(Scraped caption text data)
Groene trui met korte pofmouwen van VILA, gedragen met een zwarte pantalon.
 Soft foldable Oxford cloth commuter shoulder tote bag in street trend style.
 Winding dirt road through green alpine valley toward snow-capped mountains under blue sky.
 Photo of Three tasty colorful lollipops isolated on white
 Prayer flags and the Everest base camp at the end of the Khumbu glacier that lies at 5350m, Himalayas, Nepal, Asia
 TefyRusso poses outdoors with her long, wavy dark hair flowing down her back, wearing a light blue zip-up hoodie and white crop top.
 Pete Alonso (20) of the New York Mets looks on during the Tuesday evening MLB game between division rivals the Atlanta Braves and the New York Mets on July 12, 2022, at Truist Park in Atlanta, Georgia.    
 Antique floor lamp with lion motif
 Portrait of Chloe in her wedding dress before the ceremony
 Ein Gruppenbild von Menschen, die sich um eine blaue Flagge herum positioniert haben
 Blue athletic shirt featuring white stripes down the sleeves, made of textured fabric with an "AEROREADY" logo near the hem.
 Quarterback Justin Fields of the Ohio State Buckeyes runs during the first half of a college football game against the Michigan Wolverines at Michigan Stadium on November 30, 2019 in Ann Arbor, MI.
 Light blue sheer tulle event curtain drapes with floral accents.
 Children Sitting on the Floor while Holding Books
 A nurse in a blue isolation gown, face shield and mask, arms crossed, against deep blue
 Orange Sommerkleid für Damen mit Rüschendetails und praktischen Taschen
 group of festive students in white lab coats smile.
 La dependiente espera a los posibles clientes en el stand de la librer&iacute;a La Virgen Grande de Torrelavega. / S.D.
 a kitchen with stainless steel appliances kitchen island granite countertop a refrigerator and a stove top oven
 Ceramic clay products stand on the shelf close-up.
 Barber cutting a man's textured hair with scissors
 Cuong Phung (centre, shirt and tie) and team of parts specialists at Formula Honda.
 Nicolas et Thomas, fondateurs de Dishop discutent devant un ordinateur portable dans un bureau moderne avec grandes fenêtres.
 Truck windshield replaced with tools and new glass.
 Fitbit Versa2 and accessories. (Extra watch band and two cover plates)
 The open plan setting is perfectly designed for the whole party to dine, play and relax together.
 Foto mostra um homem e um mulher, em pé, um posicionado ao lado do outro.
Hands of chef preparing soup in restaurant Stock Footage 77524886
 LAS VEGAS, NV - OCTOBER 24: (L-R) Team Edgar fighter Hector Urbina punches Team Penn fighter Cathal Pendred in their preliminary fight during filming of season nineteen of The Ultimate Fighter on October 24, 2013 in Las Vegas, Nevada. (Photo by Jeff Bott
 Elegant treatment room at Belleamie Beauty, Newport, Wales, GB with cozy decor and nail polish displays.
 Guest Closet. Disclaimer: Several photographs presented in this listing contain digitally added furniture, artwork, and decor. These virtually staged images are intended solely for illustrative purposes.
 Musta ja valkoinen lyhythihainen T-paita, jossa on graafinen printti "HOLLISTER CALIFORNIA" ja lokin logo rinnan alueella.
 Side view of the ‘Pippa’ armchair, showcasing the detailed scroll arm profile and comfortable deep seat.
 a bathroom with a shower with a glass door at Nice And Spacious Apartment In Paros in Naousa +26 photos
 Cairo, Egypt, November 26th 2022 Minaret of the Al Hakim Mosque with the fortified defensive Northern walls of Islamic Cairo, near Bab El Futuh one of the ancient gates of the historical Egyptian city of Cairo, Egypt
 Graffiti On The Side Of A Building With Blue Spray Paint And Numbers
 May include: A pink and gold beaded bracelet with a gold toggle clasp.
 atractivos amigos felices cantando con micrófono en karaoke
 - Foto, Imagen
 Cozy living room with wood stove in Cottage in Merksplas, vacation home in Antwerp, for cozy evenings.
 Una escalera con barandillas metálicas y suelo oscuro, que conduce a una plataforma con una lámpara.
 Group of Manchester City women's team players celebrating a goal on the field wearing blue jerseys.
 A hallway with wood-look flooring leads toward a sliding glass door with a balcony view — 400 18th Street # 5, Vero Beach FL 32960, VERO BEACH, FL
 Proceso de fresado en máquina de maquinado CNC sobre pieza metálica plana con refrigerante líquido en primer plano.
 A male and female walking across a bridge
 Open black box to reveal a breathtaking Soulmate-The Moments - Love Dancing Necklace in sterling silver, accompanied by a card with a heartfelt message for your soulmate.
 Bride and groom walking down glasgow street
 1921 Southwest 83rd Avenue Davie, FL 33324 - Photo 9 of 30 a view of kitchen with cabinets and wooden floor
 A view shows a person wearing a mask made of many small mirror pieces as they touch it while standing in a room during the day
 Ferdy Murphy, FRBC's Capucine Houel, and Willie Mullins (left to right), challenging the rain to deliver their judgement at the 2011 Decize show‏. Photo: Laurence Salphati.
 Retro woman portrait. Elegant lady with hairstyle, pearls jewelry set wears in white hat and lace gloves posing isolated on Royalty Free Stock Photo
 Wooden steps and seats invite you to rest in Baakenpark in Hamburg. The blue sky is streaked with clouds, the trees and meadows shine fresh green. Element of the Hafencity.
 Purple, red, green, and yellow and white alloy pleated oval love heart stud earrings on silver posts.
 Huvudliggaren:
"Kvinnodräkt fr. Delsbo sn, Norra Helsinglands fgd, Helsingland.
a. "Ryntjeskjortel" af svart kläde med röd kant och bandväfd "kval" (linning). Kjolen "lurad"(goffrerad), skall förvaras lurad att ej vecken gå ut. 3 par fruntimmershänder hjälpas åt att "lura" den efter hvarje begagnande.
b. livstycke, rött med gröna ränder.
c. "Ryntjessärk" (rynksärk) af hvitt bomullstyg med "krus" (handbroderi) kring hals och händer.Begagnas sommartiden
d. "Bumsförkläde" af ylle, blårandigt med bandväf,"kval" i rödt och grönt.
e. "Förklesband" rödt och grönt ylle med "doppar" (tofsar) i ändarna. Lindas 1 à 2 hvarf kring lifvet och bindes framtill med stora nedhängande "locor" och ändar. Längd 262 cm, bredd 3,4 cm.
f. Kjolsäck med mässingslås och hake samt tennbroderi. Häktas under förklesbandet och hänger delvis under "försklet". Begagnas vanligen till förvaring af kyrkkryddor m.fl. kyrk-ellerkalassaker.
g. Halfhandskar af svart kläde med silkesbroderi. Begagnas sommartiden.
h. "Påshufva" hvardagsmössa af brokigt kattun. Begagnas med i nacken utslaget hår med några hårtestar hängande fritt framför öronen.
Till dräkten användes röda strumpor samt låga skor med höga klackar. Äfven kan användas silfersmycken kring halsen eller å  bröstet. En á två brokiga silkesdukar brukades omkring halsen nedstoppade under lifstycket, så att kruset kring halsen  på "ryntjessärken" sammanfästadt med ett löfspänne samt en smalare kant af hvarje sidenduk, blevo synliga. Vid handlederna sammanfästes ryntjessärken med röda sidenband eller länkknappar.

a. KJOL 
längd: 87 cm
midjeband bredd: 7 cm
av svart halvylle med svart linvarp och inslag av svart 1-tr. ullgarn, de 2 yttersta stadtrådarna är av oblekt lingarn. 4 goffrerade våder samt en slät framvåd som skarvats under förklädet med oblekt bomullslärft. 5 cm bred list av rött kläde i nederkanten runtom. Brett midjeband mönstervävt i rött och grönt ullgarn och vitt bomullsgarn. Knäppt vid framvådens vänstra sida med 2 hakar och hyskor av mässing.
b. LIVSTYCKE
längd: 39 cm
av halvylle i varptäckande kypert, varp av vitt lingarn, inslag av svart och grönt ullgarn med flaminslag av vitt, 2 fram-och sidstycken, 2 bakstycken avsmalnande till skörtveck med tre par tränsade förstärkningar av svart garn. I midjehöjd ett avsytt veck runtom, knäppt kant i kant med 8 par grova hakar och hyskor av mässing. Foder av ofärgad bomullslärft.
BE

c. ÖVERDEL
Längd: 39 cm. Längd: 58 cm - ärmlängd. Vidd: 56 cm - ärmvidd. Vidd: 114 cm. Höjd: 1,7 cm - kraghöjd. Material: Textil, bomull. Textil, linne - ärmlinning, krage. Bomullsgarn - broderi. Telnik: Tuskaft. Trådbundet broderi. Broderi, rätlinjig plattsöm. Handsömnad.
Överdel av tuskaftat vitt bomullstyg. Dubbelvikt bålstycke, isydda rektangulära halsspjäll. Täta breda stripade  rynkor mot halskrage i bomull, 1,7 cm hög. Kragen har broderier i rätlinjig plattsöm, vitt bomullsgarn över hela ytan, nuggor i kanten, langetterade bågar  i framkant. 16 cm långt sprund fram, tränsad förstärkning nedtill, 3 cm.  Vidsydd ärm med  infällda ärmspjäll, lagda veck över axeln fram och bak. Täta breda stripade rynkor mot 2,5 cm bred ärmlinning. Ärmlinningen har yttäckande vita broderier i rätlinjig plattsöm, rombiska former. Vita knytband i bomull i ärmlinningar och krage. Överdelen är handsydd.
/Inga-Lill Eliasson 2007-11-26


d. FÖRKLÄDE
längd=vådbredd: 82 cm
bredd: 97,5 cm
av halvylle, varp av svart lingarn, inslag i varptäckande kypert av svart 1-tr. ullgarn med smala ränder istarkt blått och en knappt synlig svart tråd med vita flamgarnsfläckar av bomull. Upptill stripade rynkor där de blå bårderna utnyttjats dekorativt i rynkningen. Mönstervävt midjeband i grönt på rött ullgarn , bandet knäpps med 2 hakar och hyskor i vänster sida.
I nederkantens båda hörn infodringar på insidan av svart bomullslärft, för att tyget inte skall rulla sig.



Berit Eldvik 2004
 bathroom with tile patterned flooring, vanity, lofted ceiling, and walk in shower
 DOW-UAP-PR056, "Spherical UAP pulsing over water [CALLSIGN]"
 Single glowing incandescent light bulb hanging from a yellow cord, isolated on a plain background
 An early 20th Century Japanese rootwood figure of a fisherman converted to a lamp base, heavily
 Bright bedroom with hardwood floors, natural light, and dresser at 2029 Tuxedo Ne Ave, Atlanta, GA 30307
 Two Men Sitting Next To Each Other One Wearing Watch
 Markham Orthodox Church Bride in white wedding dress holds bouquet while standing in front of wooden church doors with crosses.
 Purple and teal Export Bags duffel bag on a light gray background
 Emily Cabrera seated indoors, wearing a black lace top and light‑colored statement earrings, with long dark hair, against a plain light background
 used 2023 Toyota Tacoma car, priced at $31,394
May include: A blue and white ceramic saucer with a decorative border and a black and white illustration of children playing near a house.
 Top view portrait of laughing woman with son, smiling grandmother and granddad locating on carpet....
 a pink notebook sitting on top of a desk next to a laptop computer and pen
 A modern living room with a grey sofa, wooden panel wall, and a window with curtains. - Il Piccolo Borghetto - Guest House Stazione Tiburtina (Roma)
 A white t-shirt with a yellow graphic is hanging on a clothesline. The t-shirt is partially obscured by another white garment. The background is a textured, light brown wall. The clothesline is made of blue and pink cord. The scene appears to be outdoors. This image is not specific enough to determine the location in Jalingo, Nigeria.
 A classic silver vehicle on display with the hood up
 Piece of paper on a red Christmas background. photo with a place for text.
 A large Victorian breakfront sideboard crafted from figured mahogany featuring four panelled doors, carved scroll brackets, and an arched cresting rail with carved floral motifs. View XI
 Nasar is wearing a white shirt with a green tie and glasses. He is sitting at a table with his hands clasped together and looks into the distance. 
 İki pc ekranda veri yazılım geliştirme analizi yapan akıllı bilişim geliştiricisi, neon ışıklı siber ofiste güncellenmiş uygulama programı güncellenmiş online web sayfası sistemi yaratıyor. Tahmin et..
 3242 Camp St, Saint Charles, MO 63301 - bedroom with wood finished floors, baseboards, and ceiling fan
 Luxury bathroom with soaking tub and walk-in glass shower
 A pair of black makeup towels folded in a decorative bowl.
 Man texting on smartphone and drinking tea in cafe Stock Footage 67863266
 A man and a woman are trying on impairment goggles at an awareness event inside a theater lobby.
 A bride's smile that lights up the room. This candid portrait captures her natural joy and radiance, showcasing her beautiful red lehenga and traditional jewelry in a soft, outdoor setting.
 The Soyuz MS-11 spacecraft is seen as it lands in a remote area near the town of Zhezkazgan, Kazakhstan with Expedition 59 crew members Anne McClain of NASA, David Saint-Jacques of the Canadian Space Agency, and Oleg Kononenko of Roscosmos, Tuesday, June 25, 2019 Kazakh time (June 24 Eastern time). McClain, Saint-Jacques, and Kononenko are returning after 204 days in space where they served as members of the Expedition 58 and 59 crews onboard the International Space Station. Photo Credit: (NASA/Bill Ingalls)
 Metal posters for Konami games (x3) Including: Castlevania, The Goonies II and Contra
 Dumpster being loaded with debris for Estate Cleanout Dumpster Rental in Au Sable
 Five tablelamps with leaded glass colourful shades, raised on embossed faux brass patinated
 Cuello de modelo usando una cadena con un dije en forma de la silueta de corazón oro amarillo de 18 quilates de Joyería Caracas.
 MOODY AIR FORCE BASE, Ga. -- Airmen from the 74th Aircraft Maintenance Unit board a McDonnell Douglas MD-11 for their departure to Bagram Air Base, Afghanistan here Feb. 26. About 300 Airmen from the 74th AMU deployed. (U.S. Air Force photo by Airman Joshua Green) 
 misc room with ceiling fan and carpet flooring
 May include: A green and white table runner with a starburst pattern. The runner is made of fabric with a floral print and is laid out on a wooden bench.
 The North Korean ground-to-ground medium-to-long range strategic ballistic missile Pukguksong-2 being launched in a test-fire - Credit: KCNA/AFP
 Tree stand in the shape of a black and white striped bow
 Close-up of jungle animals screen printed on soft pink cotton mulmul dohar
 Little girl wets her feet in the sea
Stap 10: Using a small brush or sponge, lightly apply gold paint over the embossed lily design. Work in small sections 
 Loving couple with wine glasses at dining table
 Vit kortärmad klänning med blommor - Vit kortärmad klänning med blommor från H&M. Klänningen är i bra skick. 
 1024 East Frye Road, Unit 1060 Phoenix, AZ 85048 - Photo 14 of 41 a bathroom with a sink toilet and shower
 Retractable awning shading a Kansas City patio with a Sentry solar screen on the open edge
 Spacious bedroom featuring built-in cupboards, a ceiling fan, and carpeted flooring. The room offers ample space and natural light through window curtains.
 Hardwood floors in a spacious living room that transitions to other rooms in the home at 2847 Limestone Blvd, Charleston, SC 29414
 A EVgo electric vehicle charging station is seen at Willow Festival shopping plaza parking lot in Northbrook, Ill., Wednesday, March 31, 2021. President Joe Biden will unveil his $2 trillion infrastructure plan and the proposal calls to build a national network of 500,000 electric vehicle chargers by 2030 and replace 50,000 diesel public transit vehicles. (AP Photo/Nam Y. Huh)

_Assigned task_:
Retype the records above, but only those lines that fall between the line containing "Berit Eldvik 2004" and the line containing "An early 20th", with both of those lines included, exactly as written.

_Response area_:
Berit Eldvik 2004
 bathroom with tile patterned flooring, vanity, lofted ceiling, and walk in shower
 DOW-UAP-PR056, "Spherical UAP pulsing over water [CALLSIGN]"
 Single glowing incandescent light bulb hanging from a yellow cord, isolated on a plain background
 An early 20th Century Japanese rootwood figure of a fisherman converted to a lamp base, heavily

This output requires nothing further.